Images within the entries are to be omitted; the remainder must be reproduced exactly.

** PROVIDED ENTRIES follows **

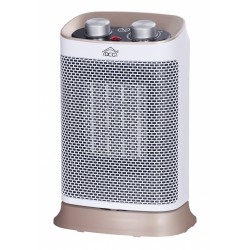 DCG Eltronic PTC0589 stufetta elettrica Riscaldatore ambiente elettrico a infrarossi Interno Marrone, Bianco 1500 W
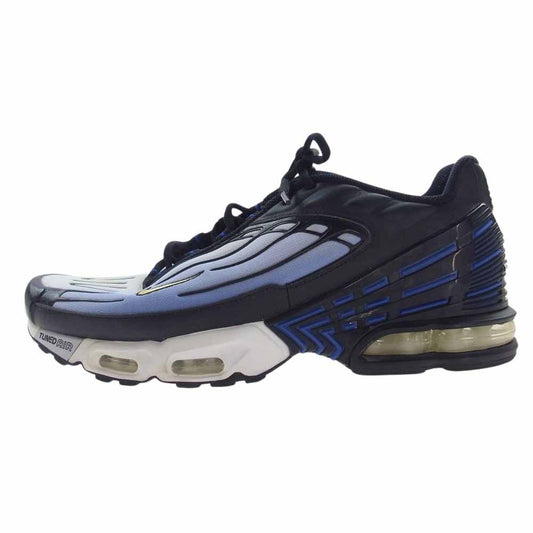 NIKE ナイキ CJ9684-001 AIR MAX PLUS 3 BLUE SPEED エアマックス プラス ブルー スピード スニーカー ブラック系 ブルー系 ホワイト系 30cm【中古】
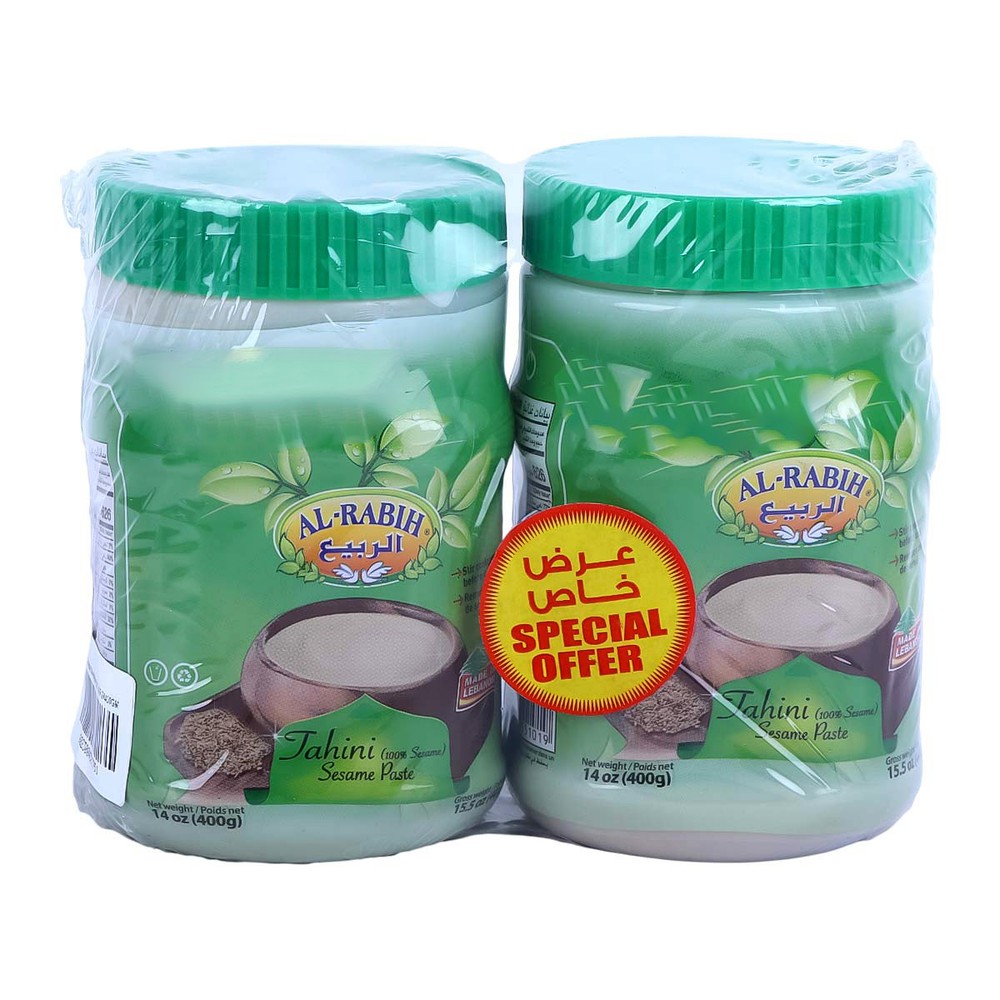 Al Rabhi Jahini Sesame Paste 2x400g
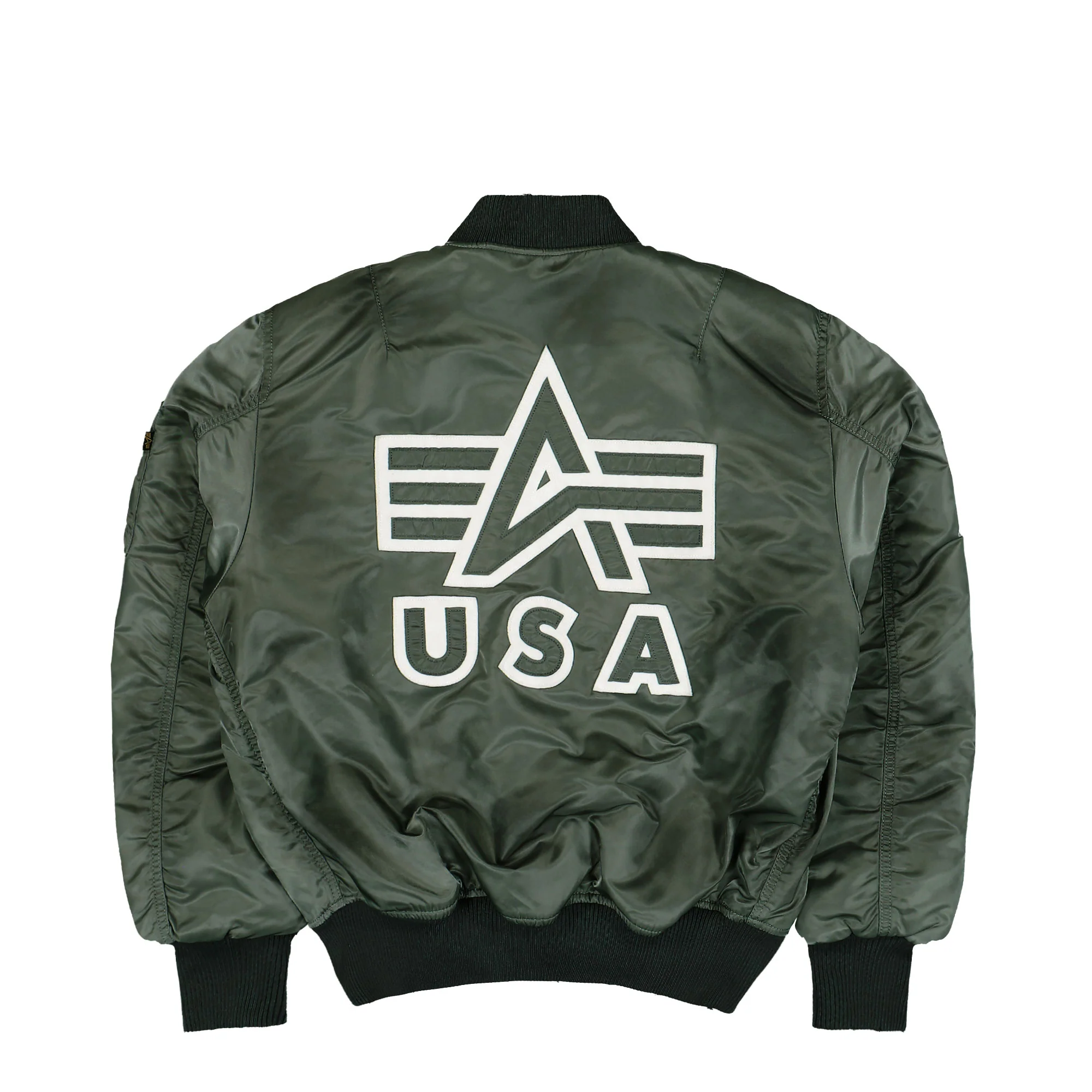 MA-1 Distressed Bomber Jacket - Image 6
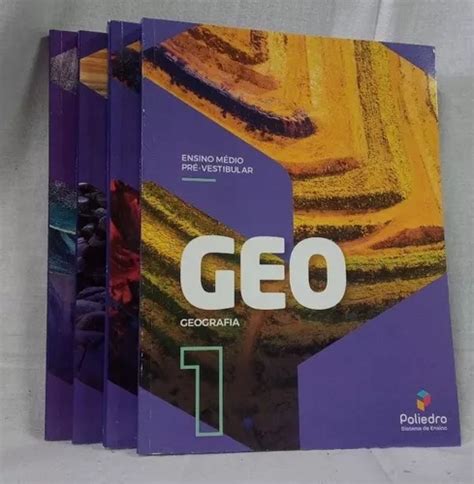 Kit 4 Livros Poliedro Geografia Ensino Médio E Pré vestibular 2021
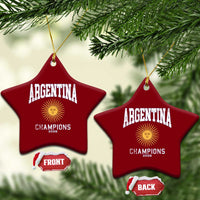 Argentina Champions 2026 Ceramic Ornament Argentinian Pride Vintage Sol De Mayo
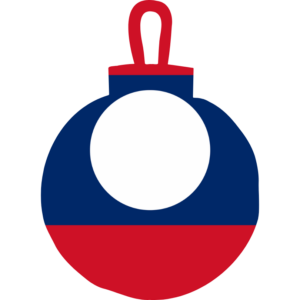 Laos flag — Clip art · 10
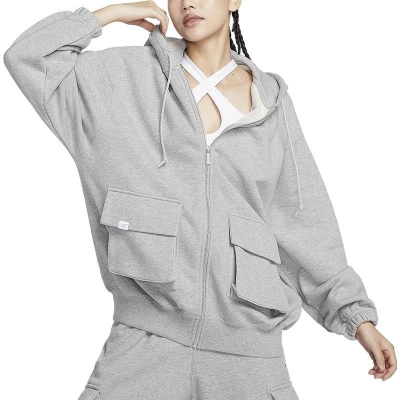 NIKE耐克连帽外套运动休闲针织女装夹克FV7516-063 D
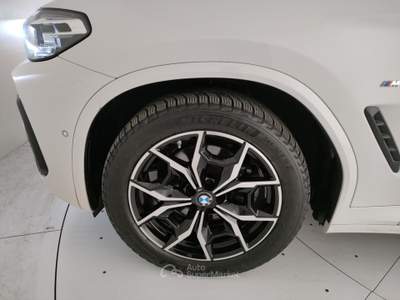 BMW X3 X3 xdrive 20d mhev 48v msport auto Bianco usata Porto Mantovano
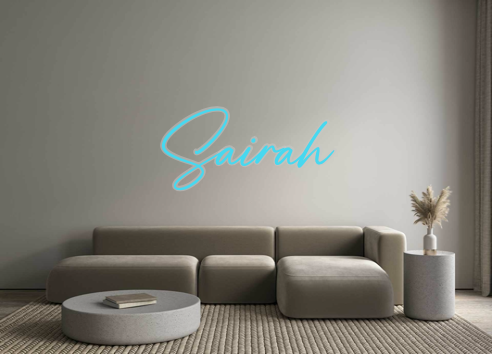 Custom Neon: Sairah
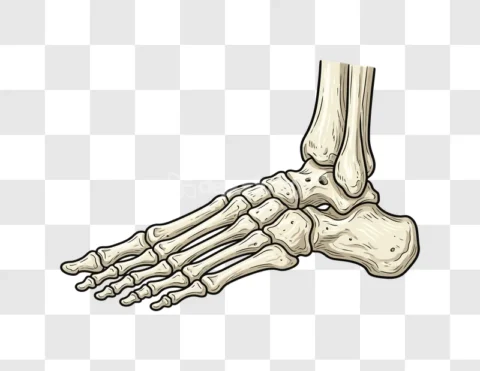 Halloween Skeleton Foot Bones Anatomy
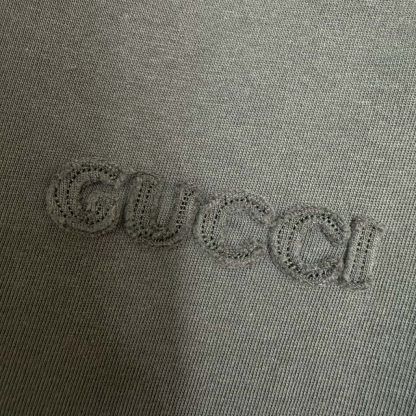 REPLICA GUCCI EMBROIDERED COTTON JERSEY T-SHIRT FOR MEN #4187 - Image 4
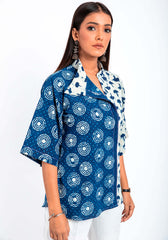 Vriti Hand Block Print Cotton Top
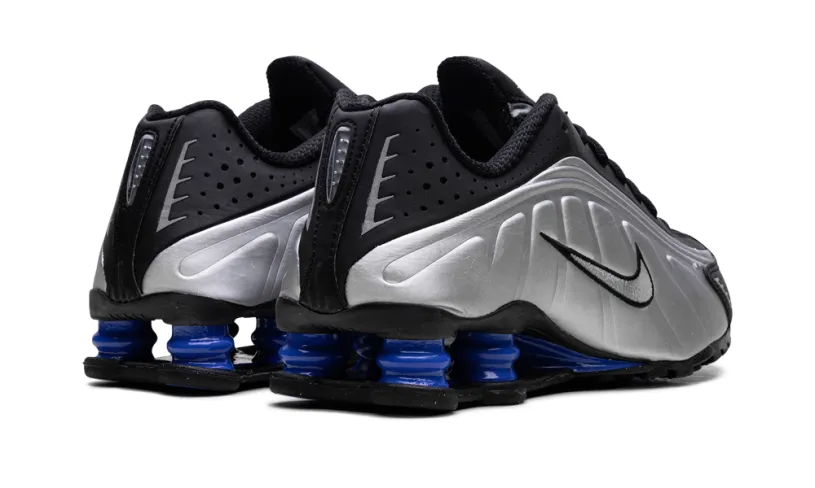 Nike Lifestyle Shox R4 WMNS 'Metallic Silver Black Racer Blue' 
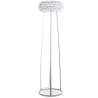 Buy Floor Lamp - Living Room Lamp with Crystal Buttons - Savoni Transparent 53532 - in the UK
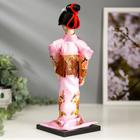 Кукла коллекционная «Японка в розовом кимоно с опахало», 25×9.5×9.5 см - Фото 4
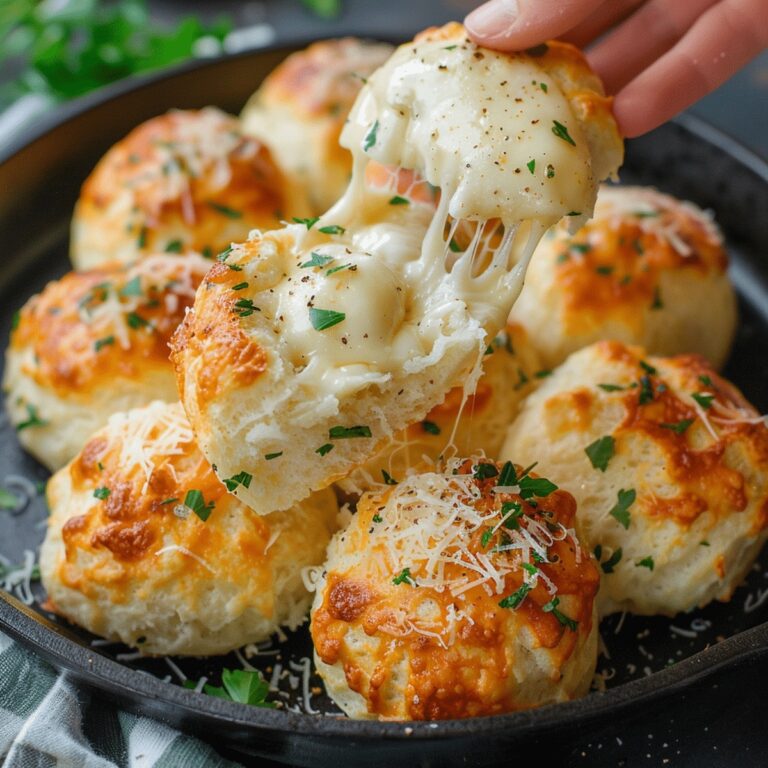Easy Garlic Cheese Bombs Recipe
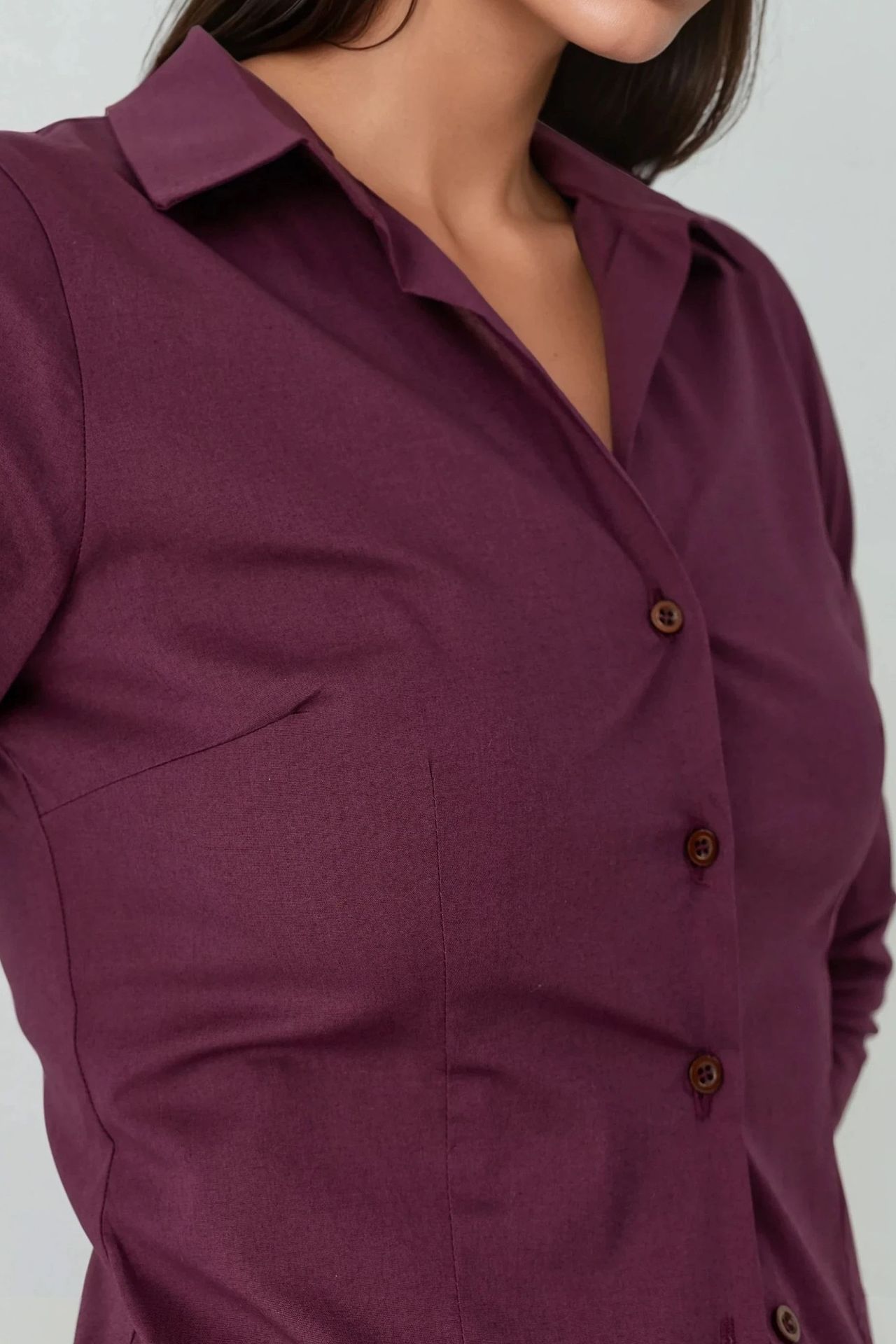 Elegant Long Sleeve Button-Up Shirt 5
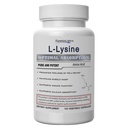 Labs superiori L-Lysine 500 mg Capsule, Pure Non-OGM, Terze Parti Testate, Senza Filler, Senza Glutine, Supporta Sistema immunitario, Promuove l'assorbimento del calcio, 120 Caps
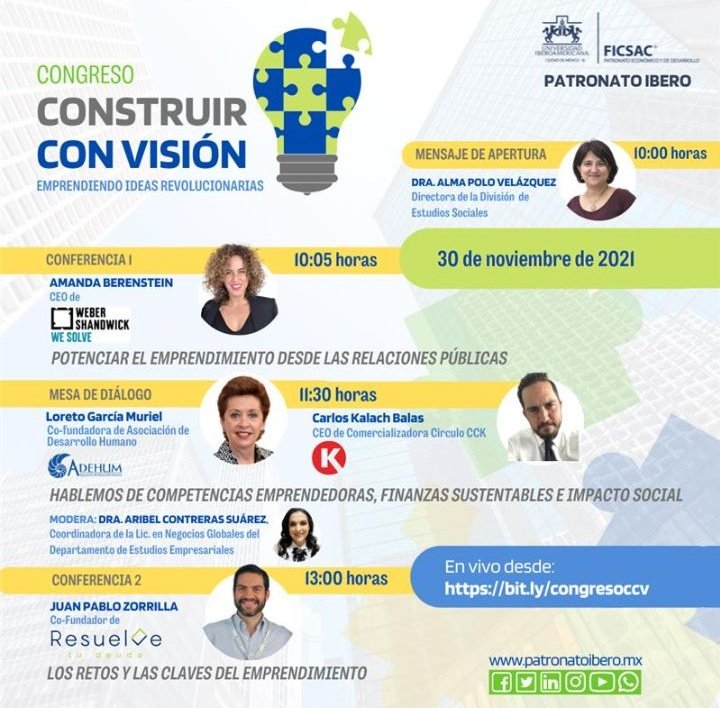 AribelContreras's tweet photo. ⭕ La Coord. de la Lic. Negocios Globales te invita al congreso "Construir con visión" organizado por el @PatronatoIBERO  #FICSAC  de la @IBERO_mx.

🔗https://t.co/ykLB67laZh

#Diplomatique 🔮🌐 https://t.co/EZkGUwbhsn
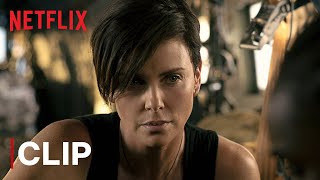 Do You Speak Russian? | Charlize Theron Airplane Action Scene | The Old Guard | Netflix India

** End of PROVIDED ENTRIES **

__EXERCISE ANSWER__
 DCG Eltronic PTC0589 stufetta elettrica Riscaldatore ambiente elettrico a infrarossi Interno Marrone, Bianco 1500 W
 NIKE ナイキ CJ9684-001 AIR MAX PLUS 3 BLUE SPEED エアマックス プラス ブルー スピード スニーカー ブラック系 ブルー系 ホワイト系 30cm【中古】
 Al Rabhi Jahini Sesame Paste 2x400g
 MA-1 Distressed Bomber Jacket - Image 6
 Kit 4 Livros Poliedro Geografia Ensino Médio E Pré vestibular 2021
 Argentina Champions 2026 Ceramic Ornament Argentinian Pride Vintage Sol De Mayo
 Laos flag — Clip art · 10
 NIKE耐克连帽外套运动休闲针织女装夹克FV7516-063 D
 BMW X3 X3 xdrive 20d mhev 48v msport auto Bianco usata Porto Mantovano
 Custom Neon: Sairah
 Halloween Skeleton Foot Bones Anatomy
 REPLICA GUCCI EMBROIDERED COTTON JERSEY T-SHIRT FOR MEN #4187 - Image 4
 Vriti Hand Block Print Cotton Top
 Nike Lifestyle Shox R4 WMNS 'Metallic Silver Black Racer Blue' 
 Buy Floor Lamp - Living Room Lamp with Crystal Buttons - Savoni Transparent 53532 - in the UK
 Кукла коллекционная «Японка в розовом кимоно с опахало», 25×9.5×9.5 см - Фото 4
Easy Garlic Cheese Bombs Recipe
 Elegant Long Sleeve Button-Up Shirt 5
 Labs superiori L-Lysine 500 mg Capsule, Pure Non-OGM, Terze Parti Testate, Senza Filler, Senza Glutine, Supporta Sistema immunitario, Promuove l'assorbimento del calcio, 120 Caps
 AribelContreras's tweet photo. ⭕ La Coord. de la Lic. Negocios Globales te invita al congreso "Construir con visión" organizado por el @PatronatoIBERO  #FICSAC  de la @IBERO_mx.

🔗https://t.co/ykLB67laZh

#Diplomatique 🔮🌐 https://t.co/EZkGUwbhsn
 Do You Speak Russian? | Charlize Theron Airplane Action Scene | The Old Guard | Netflix India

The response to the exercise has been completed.